7SQRD Labs provides technology development, consulting, and intelligence systems integration services. The scope of each Engagement will be agreed in writing prior to commencement.

We will perform Services with reasonable skill and care, consistent with accepted standards for technology and systems integration work in Western Australia.

We reserve the right to engage subcontractors or specialist partners to assist with Deliverables. Where we do so, we remain responsible for the quality of the output.

3. Payment Terms

Invoices are issued in accordance with the agreed payment schedule for each Engagement. Unless otherwise agreed in writing, the following standard terms apply:

  • Payment is due within 28 days of the invoice date.
  • Overdue amounts accrue interest at 10% per annum, calculated daily from the due date until the date of payment.
  • All amounts are quoted in Australian dollars and are exclusive of GST unless stated otherwise.

We reserve the right to suspend work on an Engagement where invoices remain unpaid beyond 28 days from the due date. Suspension does not constitute termination.

4. Intellectual Property

Unless otherwise agreed in writing, the following IP arrangements apply:

  • Bespoke work: IP in Deliverables created specifically for the Client transfers to the Client upon receipt of full payment for that Engagement.
  • Pre-existing IP: Any tools, frameworks, methodologies, or components developed by 7SQRD Labs prior to or independent of the Engagement remain the property of 7SQRD Labs. Where pre-existing IP is incorporated into Deliverables, we grant the Client a non-exclusive, perpetual licence to use it for the purposes of that Engagement.
  • Platform products: Separately developed 7SQRD Labs platform products are subject to their own licensing arrangements and are not subject to transfer under these Terms.

5. Confidentiality

Both parties agree to keep confidential all non-public information received from the other party in connection with an Engagement, including but not limited to technical specifications, system architectures, client data, and operational details.

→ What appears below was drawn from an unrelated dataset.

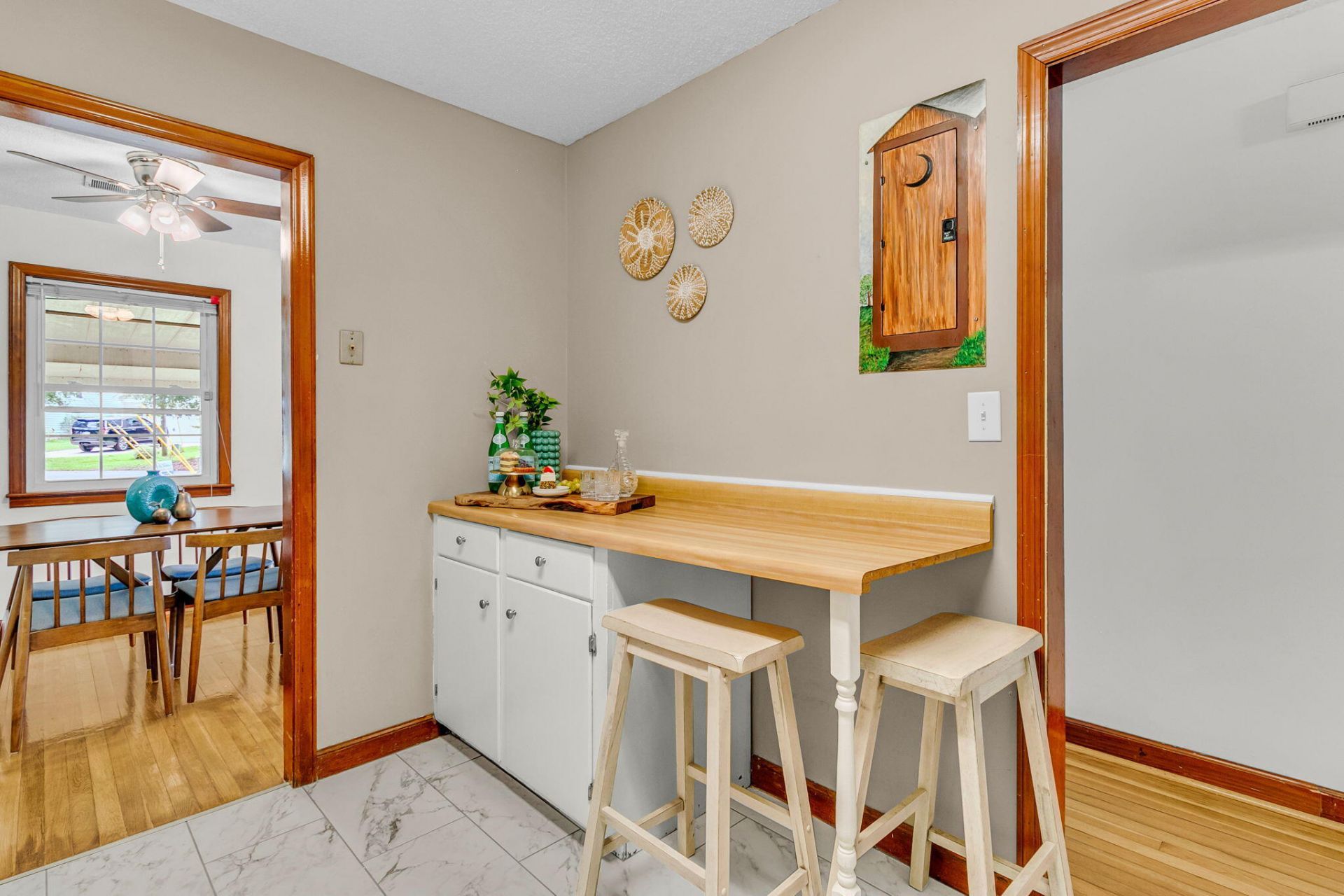 1204 Midvale Avenue Photo 12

This obligation survives termination of any Engagement and continues for a period of five years, unless the information becomes publicly available through no fault of the receiving party or must be disclosed by operation of law.

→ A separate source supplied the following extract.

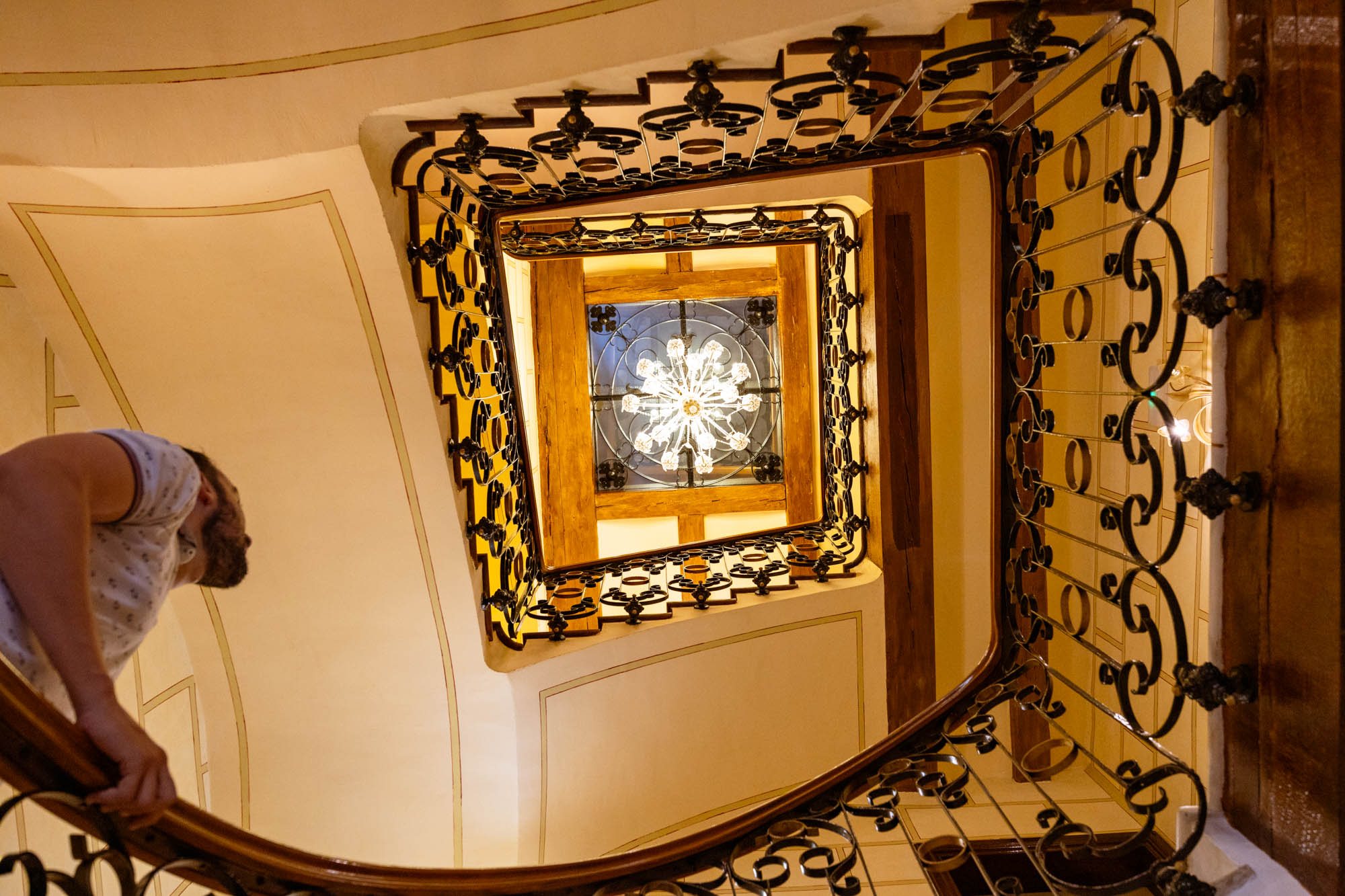 Escalinata de la villa indiana, que da acceso al palacete histórico donde se ubica el puñado de habitaciones históricas.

7SQRD Labs will not disclose the existence or nature of any Engagement without the Client's prior written consent.

6. Limitation of Liability

To the maximum extent permitted by law, 7SQRD Labs' liability for any claim arising from the provision of Services is limited to the total fees paid by the Client for the specific Engagement giving rise to the claim.

We are not liable for any indirect, consequential, or special loss or damage, including loss of business, loss of revenue, or loss of data arising from any breach of these Terms or from the provision of Services, whether or not such loss was foreseeable.

Nothing in these Terms limits liability for fraud, gross negligence, or any liability that cannot be excluded under applicable Australian law, including the Australian Consumer Law.

7. Termination

Either party may terminate an Engagement by providing 28 days' written notice.

In the event of termination, the Client is liable for payment of all work completed up to and including the termination date, plus any reasonable costs incurred in connection with work in progress that cannot reasonably be suspended.

7SQRD Labs may terminate an Engagement immediately if the Client is in material breach of these Terms and has failed to remedy that breach within 14 days of written notice.

8. Governing Law

These Terms and Conditions are governed by the laws of Western Australia and the Commonwealth of Australia. Any disputes arising under these Terms are subject to the exclusive jurisdiction of the courts of Western Australia.

9. Amendments

We may update these Terms and Conditions from time to time. The current version is always published on this page with the effective date shown above.

For Engagements already in progress, any material amendments to these Terms will be notified in writing. Continued engagement after notification constitutes acceptance of the revised terms.